(RECORDS SUPPLIED)

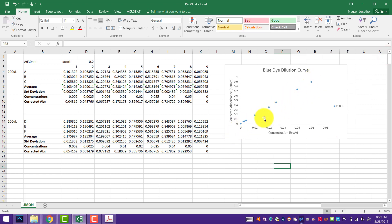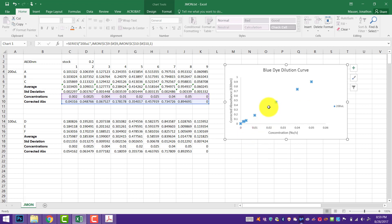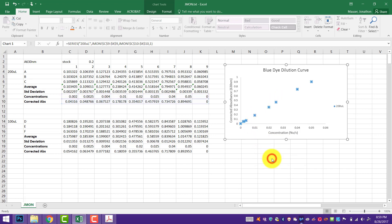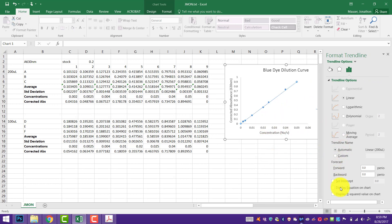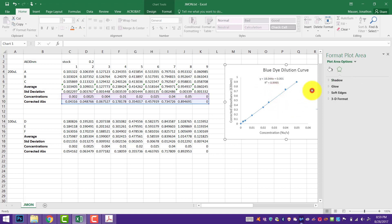Since this is a calibration curve with a linear set of data, I'll right-click on one of the data points to select the whole series, then hit 'Add Trendline.' I always like to show the equation on the chart and the R-squared value, which tells me how good of a fit it is — the closer to one, the better. And that's a very nice set of data.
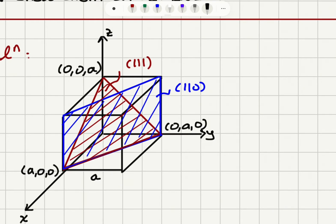Similarly, for the (111) plane it will intersect the x, y, and z axes at one lattice constant a. So the red plane is the (111) and the blue one is the (110) plane. Now we want to find the line of intersection of these planes, which is this line right here.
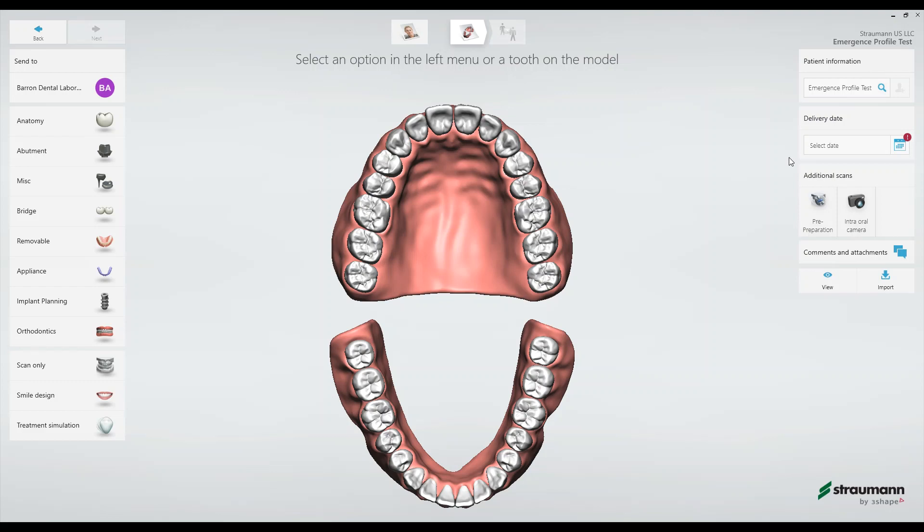Moreover, this minimizes the clinician's time in scanning by allowing the dental assistant to take the preoperative impressions. It is important to check your local guidelines on permitted duties for dental assistance as they do vary state by state.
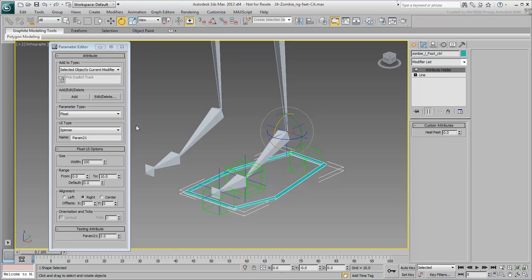Ultimately, a value of 10 will ensure the heel rotates up from the ball of the foot by an angle you specify later in the Reaction Manager.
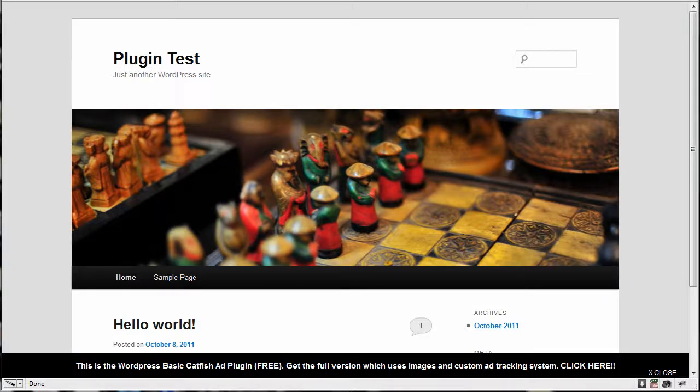Hi, this is Tyler with fluiditystudio.com and I'm going to be showing you my free WordPress catfish ad plugin, the basic version.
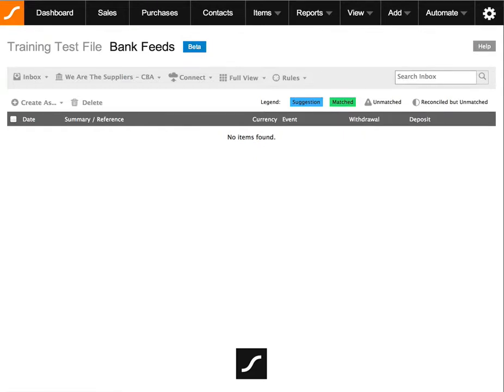Hi there, in this video I'm going to go through with you how to prepare a spreadsheet for import if you decide to not use the automatic bank feed feature.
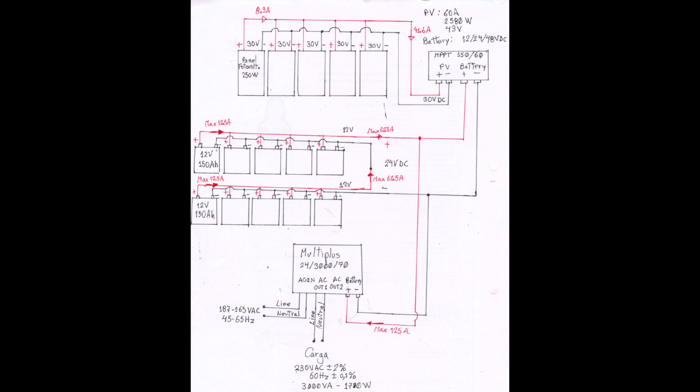The batteries, 10 batteries, each one with 12 volts and 150 ampere hour. Configure this with series and parallel connections to get 24 volts direct current.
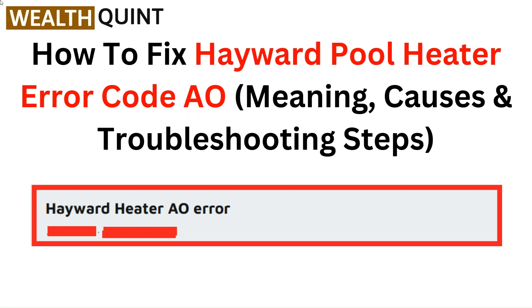Hello everyone. In this video, you are going to learn how to fix Hayward Pool Heater Error Code AO — its meaning, causes, and troubleshooting steps.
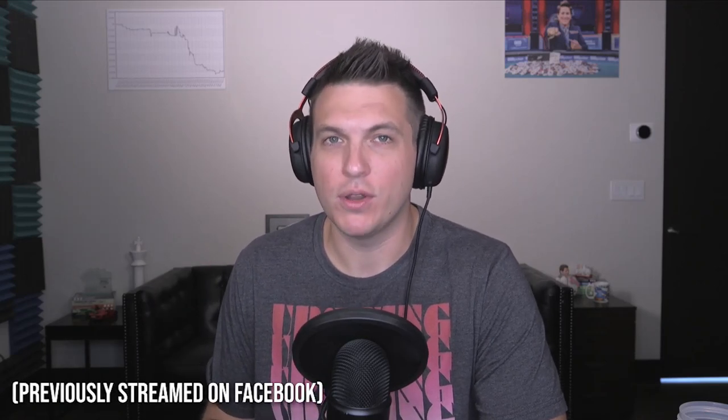What's up guys, Doug Polk here, and welcome to today's video where we're going to be doing a walkthrough of the new Upswing Poker course, Winning Poker Tournaments by Nick Petrangelo.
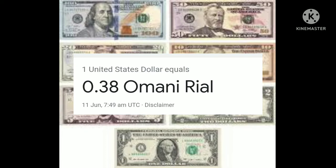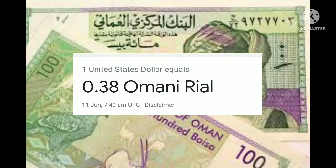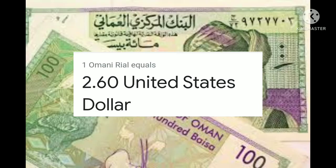One United States dollar equals 0.38 Omani Rial, and one Omani Rial equals 2.60 United States dollar.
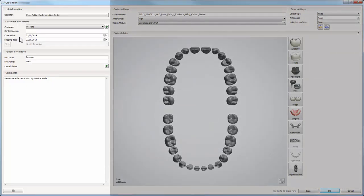Fill in all the information needed, add clinical photos if necessary and comments.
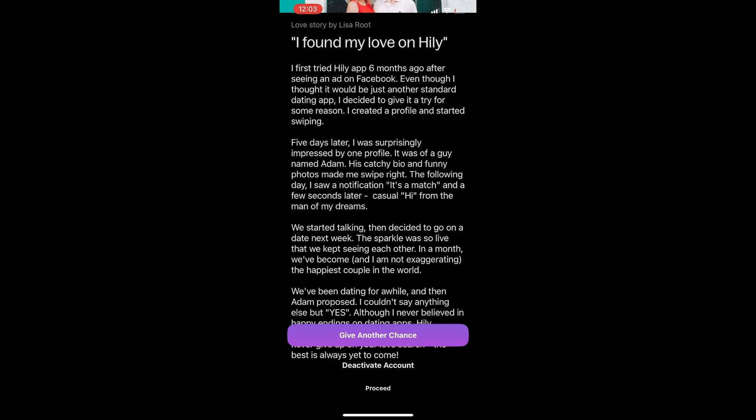Yeah, that's how you simply cancel and deactivate your Hili subscription.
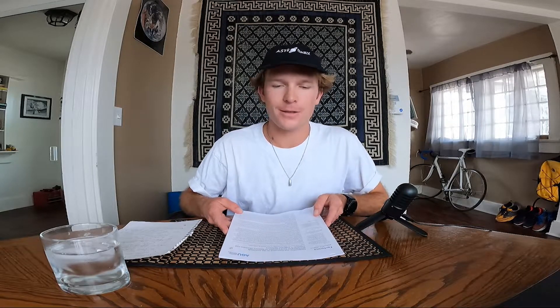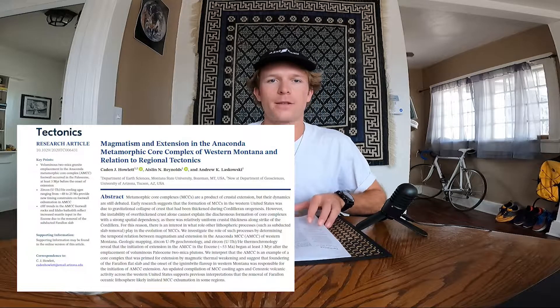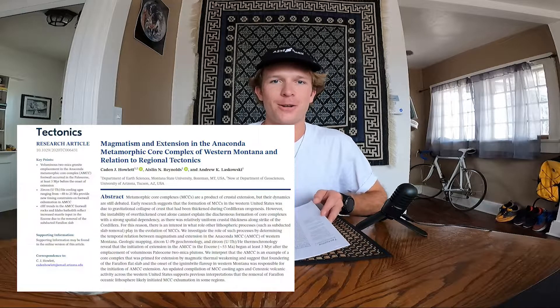Tectonics is a well-respected journal within the geologic community. I'm very proud of this publication — this is the second half of my master's degree at Montana State University. The title of the paper is 'Magmatism and Extension in the Anaconda Metamorphic Core Complex of Western Montana in Relation to Regional Tectonics.' I'm going to explain how this process works and why it can be very painful, but ultimately produces valuable science and original human thought.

(End RECORDS SUPPLIED)

▶ TASK ITEM: All lines of the material above should be returned unchanged, but no pictures should be included.

▶ COMPLETED TASK:
Since this is a calibration curve with a linear set of data, I'll right-click on one of the data points to select the whole series, then hit 'Add Trendline.' I always like to show the equation on the chart and the R-squared value, which tells me how good of a fit it is — the closer to one, the better. And that's a very nice set of data.
Similarly, for the (111) plane it will intersect the x, y, and z axes at one lattice constant a. So the red plane is the (111) and the blue one is the (110) plane. Now we want to find the line of intersection of these planes, which is this line right here.
Moreover, this minimizes the clinician's time in scanning by allowing the dental assistant to take the preoperative impressions. It is important to check your local guidelines on permitted duties for dental assistance as they do vary state by state.
Ultimately, a value of 10 will ensure the heel rotates up from the ball of the foot by an angle you specify later in the Reaction Manager.
Hi, this is Tyler with fluiditystudio.com and I'm going to be showing you my free WordPress catfish ad plugin, the basic version.
Hi there, in this video I'm going to go through with you how to prepare a spreadsheet for import if you decide to not use the automatic bank feed feature.
The batteries, 10 batteries, each one with 12 volts and 150 ampere hour. Configure this with series and parallel connections to get 24 volts direct current.
Hello everyone. In this video, you are going to learn how to fix Hayward Pool Heater Error Code AO — its meaning, causes, and troubleshooting steps.
What's up guys, Doug Polk here, and welcome to today's video where we're going to be doing a walkthrough of the new Upswing Poker course, Winning Poker Tournaments by Nick Petrangelo.
One United States dollar equals 0.38 Omani Rial, and one Omani Rial equals 2.60 United States dollar.
Fill in all the information needed, add clinical photos if necessary and comments.
Yeah, that's how you simply cancel and deactivate your Hili subscription.
Tectonics is a well-respected journal within the geologic community. I'm very proud of this publication — this is the second half of my master's degree at Montana State University. The title of the paper is 'Magmatism and Extension in the Anaconda Metamorphic Core Complex of Western Montana in Relation to Regional Tectonics.' I'm going to explain how this process works and why it can be very painful, but ultimately produces valuable science and original human thought.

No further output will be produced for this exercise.